Julien Delorme, dont j’apprécie les analyses de l’édition indépendante, cite un passage frappant de Metal de Jānis Joņevs :

cite un passage frappant de Metal de Jānis Joņevs
L’idée de base du headbang, c’est de parvenir à la transe via la manière forte, en partant à l’assaut de la citadelle de sa propre conscience, à savoir, de son propre cerveau. En hochant la tête avec l’intensité requise, la purée neuronale se trouve projetée contre les parois de la gamelle, et notre administration interne parvient momentanément à se libérer des pensées qui l’occupent, à toucher l’existence de la façon la plus directe qui soit. En bref, de la méditation.

Je crois que j’ai toujours poursuivi le headbang, la reconfiguration des neurones, le parasitage des pensées, la distorsion des perspectives. Voir de côté, de travers, à l’envers, regarder derrière le miroir. J’essaie parce que chaque fois que j’établis un lien entre deux images, deux concepts, deux sensations, une petite étincelle en moi s’illumine et me procure du plaisir. Je ne doute pas que vous fonctionnez comme moi.

C’est du anti-scrolling : au lieu de faire défiler et de liker avec un sourire béat, s’arrêter, faire la grimace, se faire mal à la tête, en chasser le brouillard qui l’engraisse de cholestérol cérébral, injecter du jus dans les circuits, se mettre à danser intérieurement. Pour ça, impossible de chercher à plaire comme le fait mon ami YouTuber. Je ne vais pas prêcher une authenticité idéalisée, mais une forme de désobéissance aux exigences des algorithmes. Parce que la lignification s’est installée pour satisfaire leur logique de filtrage, de classification et d’autogénération.

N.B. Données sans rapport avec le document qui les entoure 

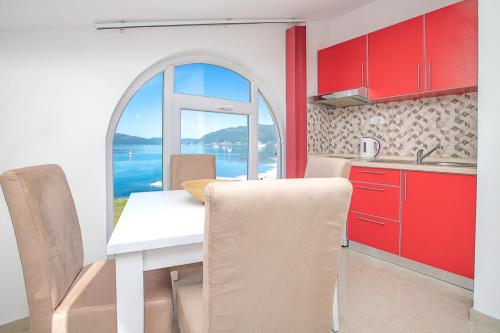 Kuchyň nebo kuchyňský kout v ubytování Apartments Infinity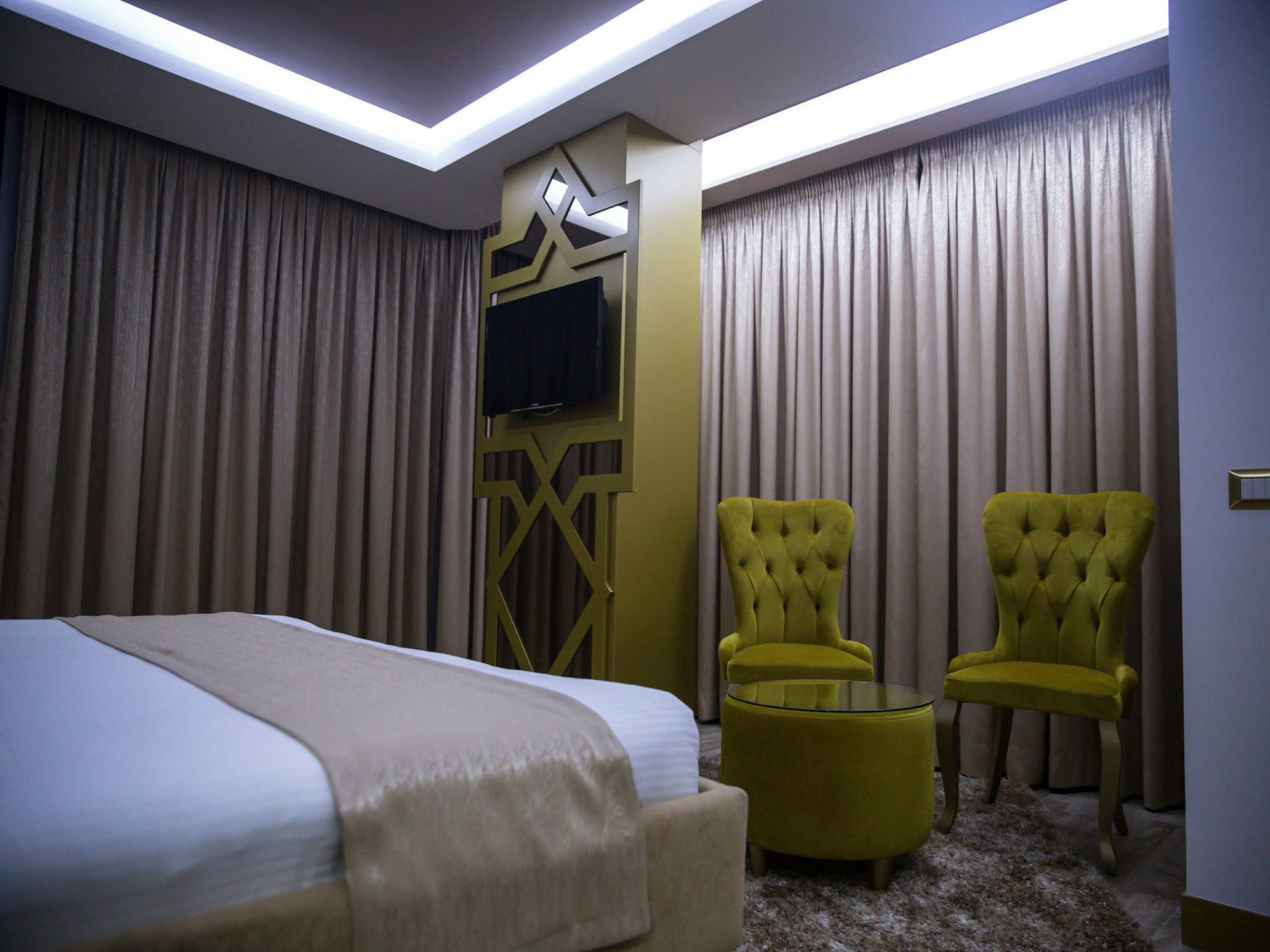 New W Hotel 티라나 외부 사진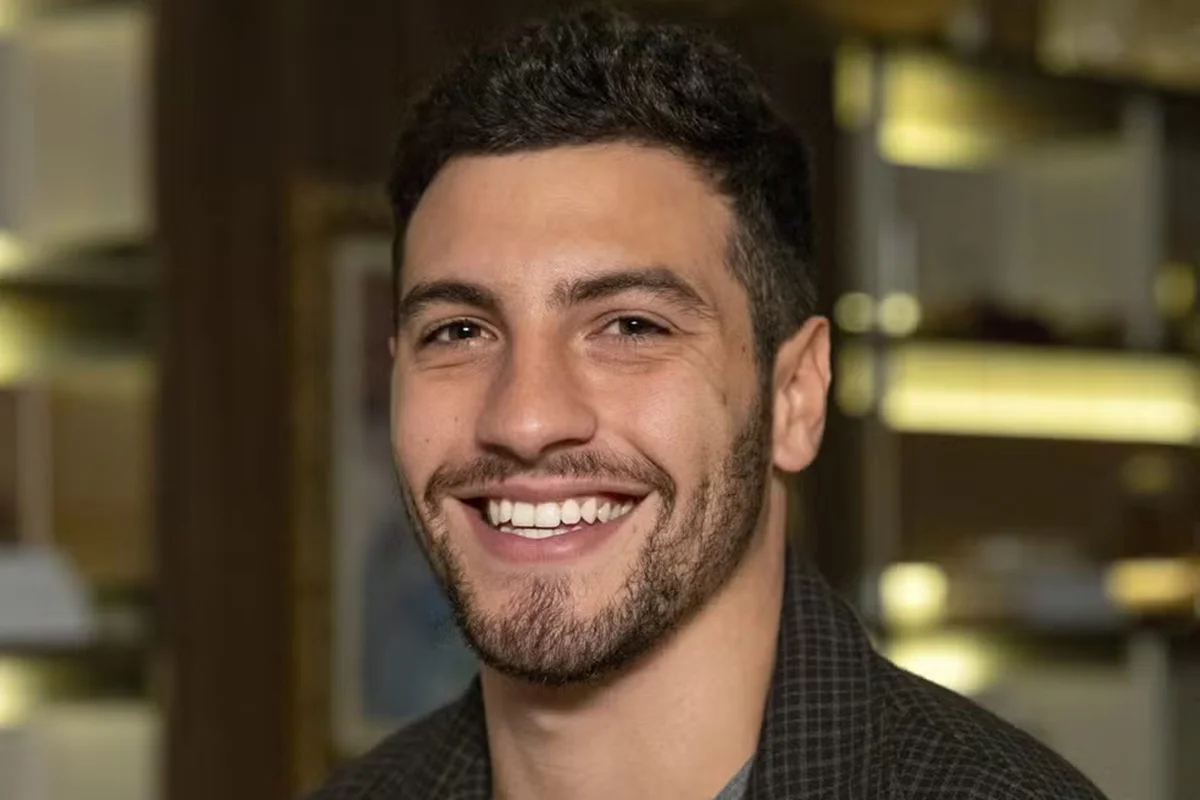 Henrique Barreira, Breno Ferreira e Chay Suede em cena de Quem Ama Cuida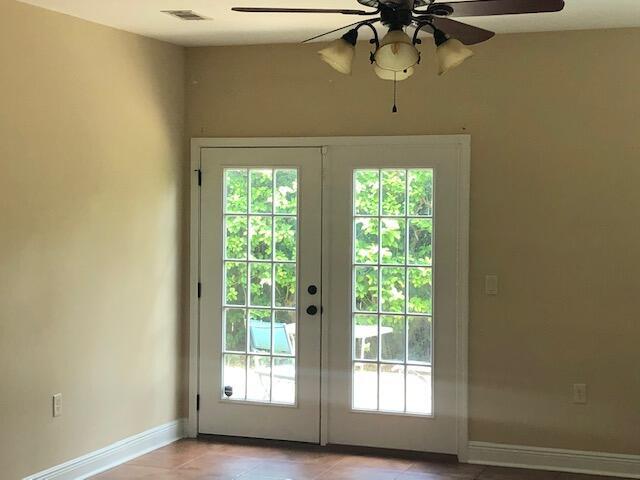 Building Photo - 1594 Venice Ave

Nous avons été schématisés, rangés dans des cases, et les contenus doivent être produits pour ces cases. Le génie désormais est purement marketing : s’adresser à la bonne case, ne surtout pas en déborder, ne surtout pas appliquer à l’une les règles d’une autre. Ne surtout pas se comporter en chien fou dans un jeu de quilles. Alors ne pas être classifiable revient à disparaître, et c’est appréciable dans ce monde où tout ce qui est visible devient trop gras et trop sucré.

Je n’ai jamais donné d’autre nom à mon site que le mien, parce qu’un nom l’aurait déjà transformé en produit, définissant mécaniquement une cible. Je ne suis pas un produit, juste un humain qui survit dans un monde en déroute. Je dis ce que je pense, quitte à me contredire. J’expérimente, quitte à me tromper. Je ne cache pas ma fragilité, mon incertitude, tout en essayant de faire preuve de détermination. Ma plus grande peur : finir par manquer d’énergie, me ranger dans une case… Ce serait si confortable de répondre aux exigences des machines, mais je ne supporterais pas longtemps de vivre sans headbang, et sans tenter d’en provoquer chez vous. J’attends en retour que vous me secouiez les méninges. Soyons inconfortables les uns envers les autres. Fatiguons-nous, épuisons-nous, emmerdons-nous, mais vivons, bordel.